[[ PROVIDED DATA open ]]

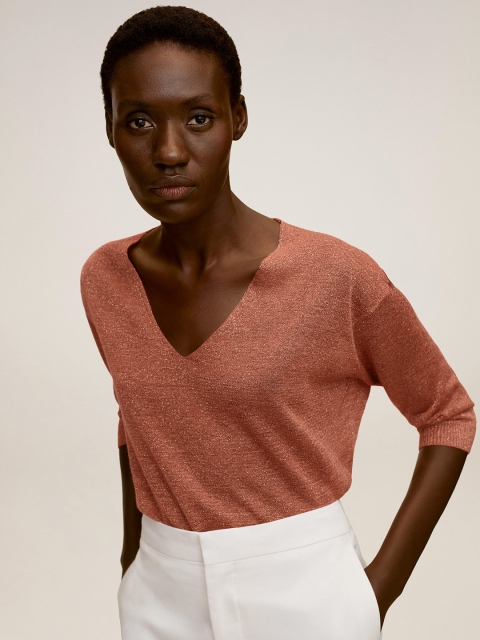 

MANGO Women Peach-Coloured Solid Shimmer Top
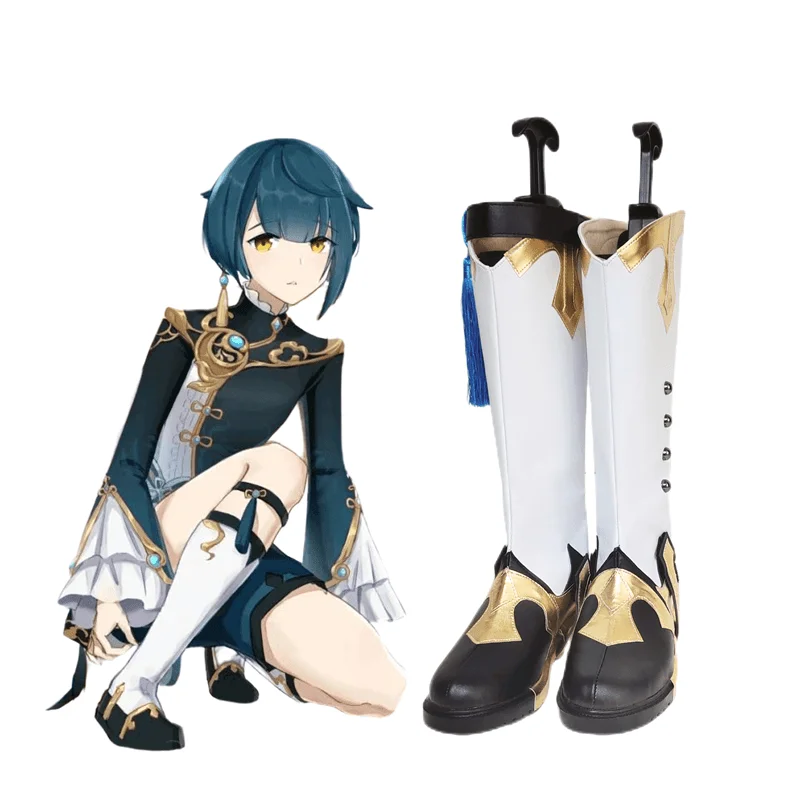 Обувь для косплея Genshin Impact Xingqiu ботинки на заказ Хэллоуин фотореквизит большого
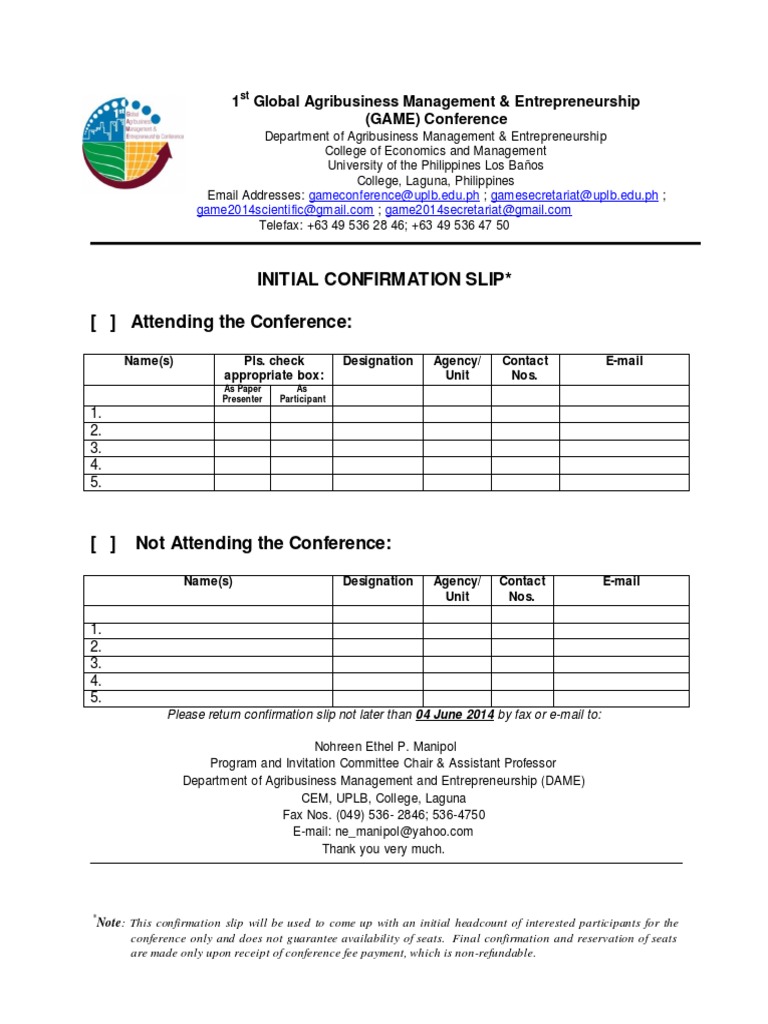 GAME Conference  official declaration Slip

[[ PROVIDED DATA closed ]]

TASK OBJECTIVE: A verbatim rendering of the listing above is required, without any of its pictures.

WRITTEN REPLY:
MANGO Women Peach-Coloured Solid Shimmer Top
 Обувь для косплея Genshin Impact Xingqiu ботинки на заказ Хэллоуин фотореквизит большого
 GAME Conference  official declaration Slip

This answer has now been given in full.